Dataset extract
-----

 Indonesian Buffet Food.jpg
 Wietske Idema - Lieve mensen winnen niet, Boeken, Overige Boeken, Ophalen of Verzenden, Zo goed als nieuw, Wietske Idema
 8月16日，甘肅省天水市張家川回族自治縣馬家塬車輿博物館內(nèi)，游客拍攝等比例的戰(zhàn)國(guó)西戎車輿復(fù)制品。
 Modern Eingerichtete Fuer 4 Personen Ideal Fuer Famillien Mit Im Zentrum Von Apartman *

-----

Exercise description
The answer must be the full listing, repeated word for word.

Reply to the task
 Indonesian Buffet Food.jpg
 Wietske Idema - Lieve mensen winnen niet, Boeken, Overige Boeken, Ophalen of Verzenden, Zo goed als nieuw, Wietske Idema
 8月16日，甘肅省天水市張家川回族自治縣馬家塬車輿博物館內(nèi)，游客拍攝等比例的戰(zhàn)國(guó)西戎車輿復(fù)制品。
 Modern Eingerichtete Fuer 4 Personen Ideal Fuer Famillien Mit Im Zentrum Von Apartman *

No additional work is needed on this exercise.